The indictment alleges that some terminally-ill people were misled when they were told their signatures were needed for receipts documenting Caramadre’s charitable gift. Others were allegedly misled when they were told that an account would be opened to benefit the terminally-ill person’s surviving family members, or that an account would be opened to benefit other families suffering from terminal illness. The indictment alleges that Caramadre and Radhakrishnan concealed from the terminally-ill people, their families and care givers that Caramadre and his investors stood to make a substantial profit from their deaths.

In addition, the indictment alleges that Caramadre and Radhakrishnan made numerous misrepresentations to insurance companies, brokerage houses and other corporate entities. It is alleged that they falsely claimed that the terminally-ill people were clients of Caramadre’s law practice and that the terminally-ill people were not paid or given money to become annuitants. It is also alleged that the defendants misrepresented the financial assets and investment experience of the terminally-ill people; misrepresented the relationship between the terminally-ill people and Caramadre or his clients; that the proceeds of the accounts would go to the terminally-ill; falsely claimed that Caramadre paid for the terminally-ill people’s burial expenses at the request of the Catholic Church; and concealed Caramadre’s ownership interest in many of the investments.

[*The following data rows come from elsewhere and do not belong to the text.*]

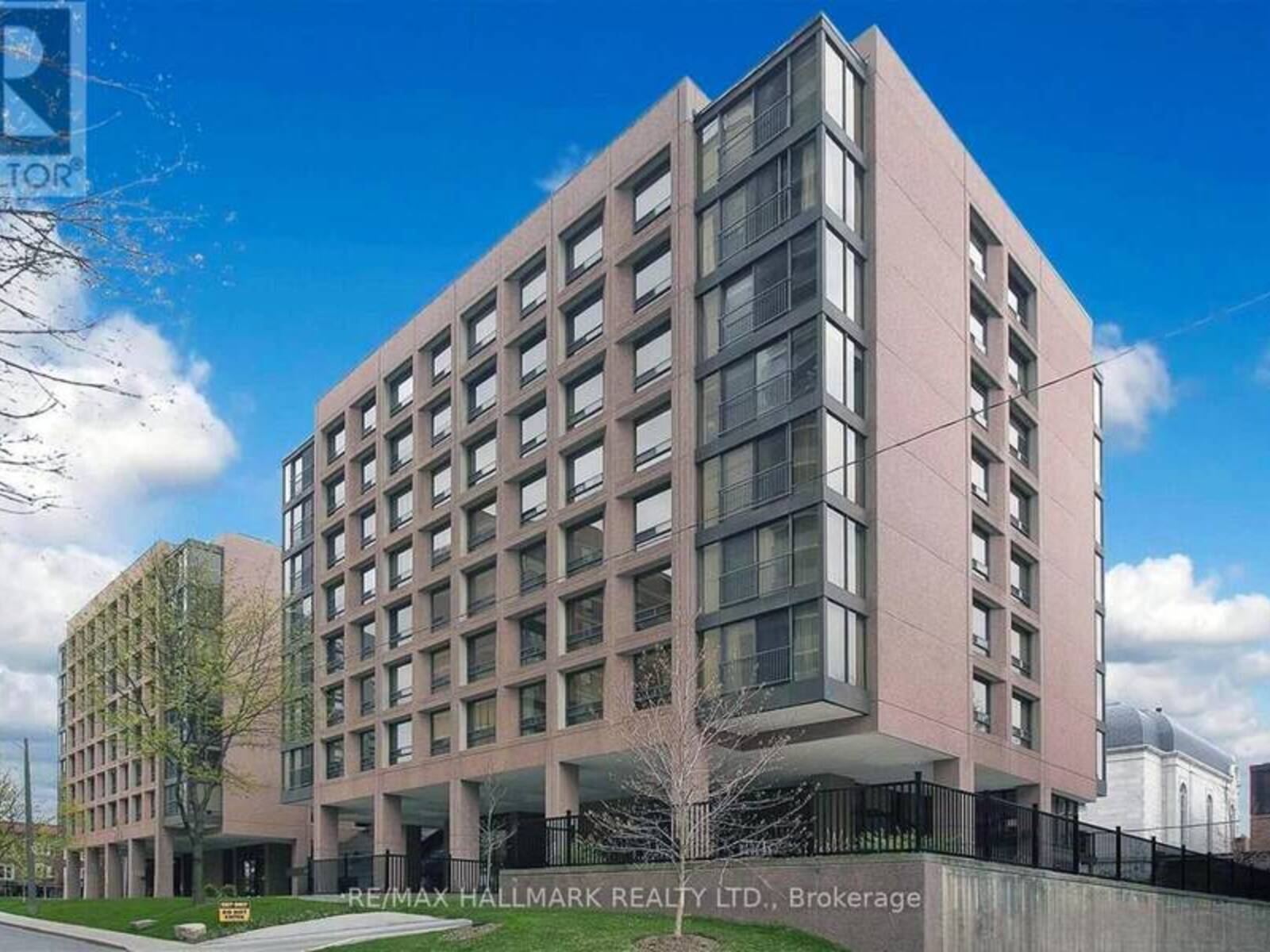 PH10 - 447 WALMER ROAD, Toronto, Ontario M5P 2X9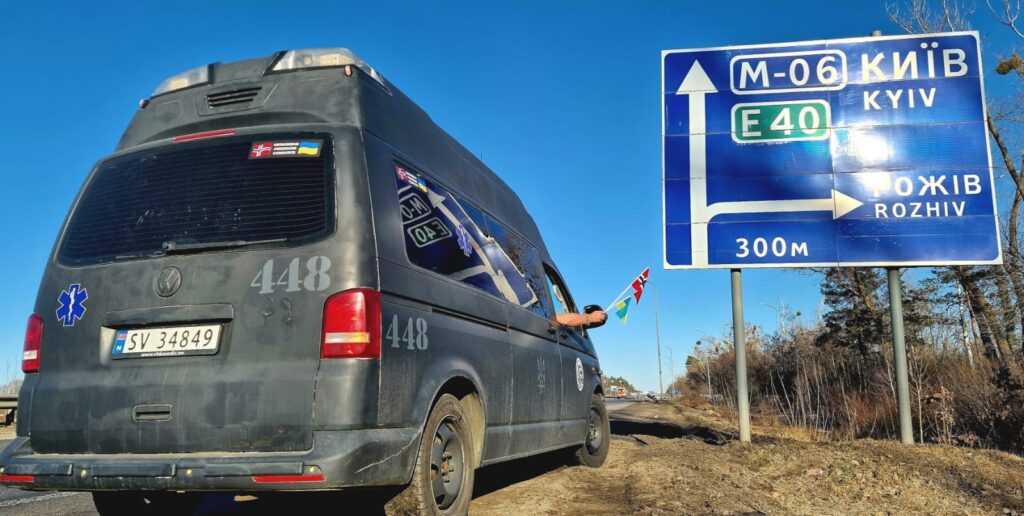one of the vehicles donated by freedom convoy norway on the way to kyiv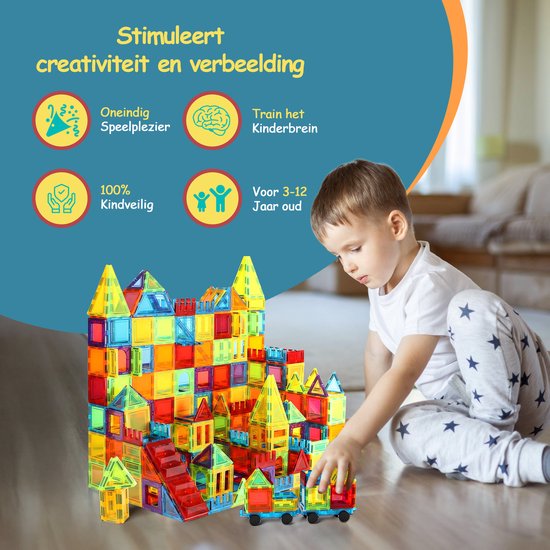 Jongen bouwt met kleurrijke magnetische bouwstenen een kasteel. Stimuleert creativiteit en verbeelding.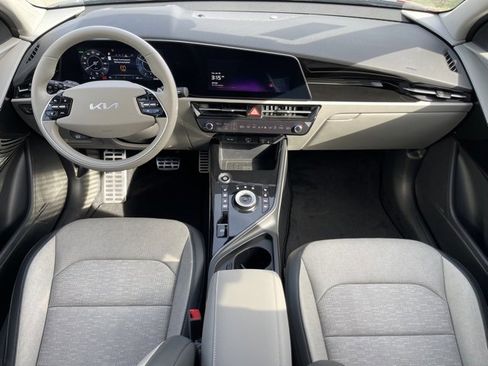 New 2023 Kia Niro Wave image 2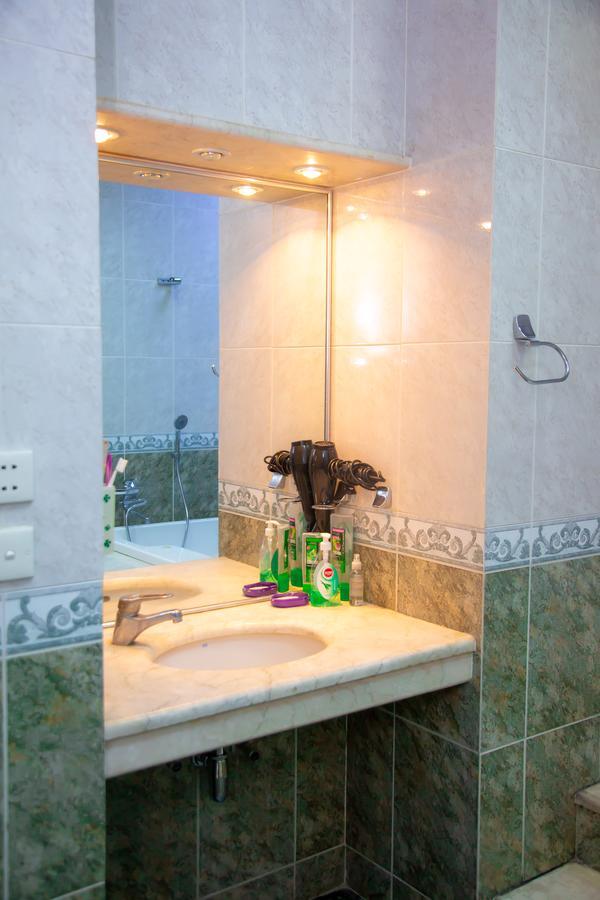 Land Of Fire Hostel Баку Екстер'єр фото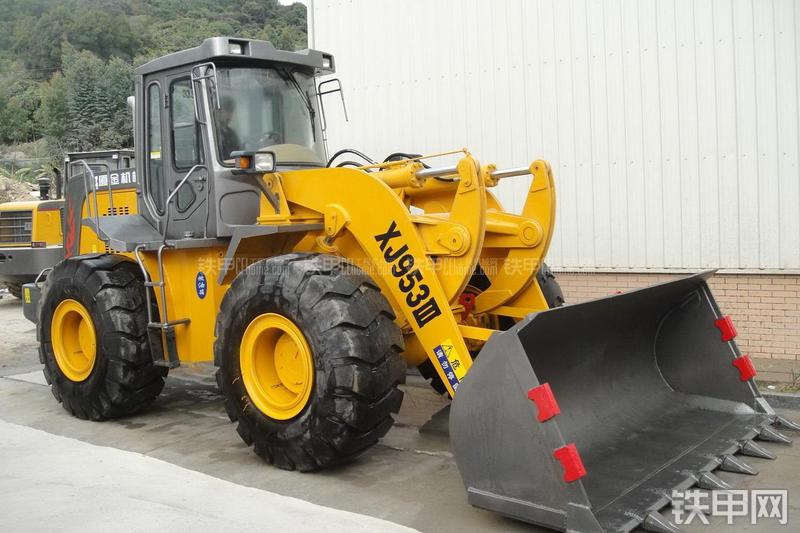 厦金机械XJ953III装载机其他
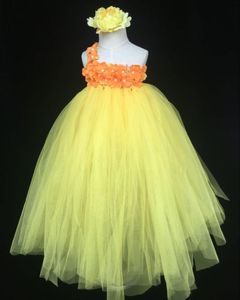 Abiti da ragazza Abito da tutù giallo all'uncinetto per ragazze da ragazza Abito da ballo in tulle soffice con spalla singola con fascia a fiori Festa in costume per bambini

According to the indictment, Caramadre attracted capital from wealthy and prominent individuals and corporations as investors by telling them that he discovered a “loophole” which permitted the use of terminally-ill persons on variable annuities and as co-owners on joint brokerage accounts to be used to purchase death-put bonds. Caramadre allegedly entered into profit-sharing agreements with some of these outside investors, through which Caramadre allegedly received a significant percentage of all profits earned.

The indictment seeks the forfeiture by Caramadre of property derived from the scheme.

An indictment is merely an allegation and is not evidence of guilt. A defendant is entitled to a fair trial in which it will be the government’s burden to prove guilt beyond a reasonable doubt.

The case is being prosecuted by Assistant U.S. Attorneys Lee H. Vilker and John P. McAdams of the District of Rhode Island.

This case is being prosecuted as part of President Obama’s Financial Fraud Enforcement Task Force to wage an aggressive, coordinated and proactive effort to investigate and prosecute financial crimes. The task force includes representatives from a broad range of federal agencies, regulatory authorities, inspectors general, and state and local law enforcement who, working together, bring to bear a powerful array of criminal and civil enforcement resources. The task force is working to improve efforts across the federal executive branch, and with state and local partners, to investigate and prosecute significant financial crimes, ensure just and effective punishment for those who perpetrate financial crimes, combat discrimination in the lending and financial markets, and recover proceeds for victims of financial crimes.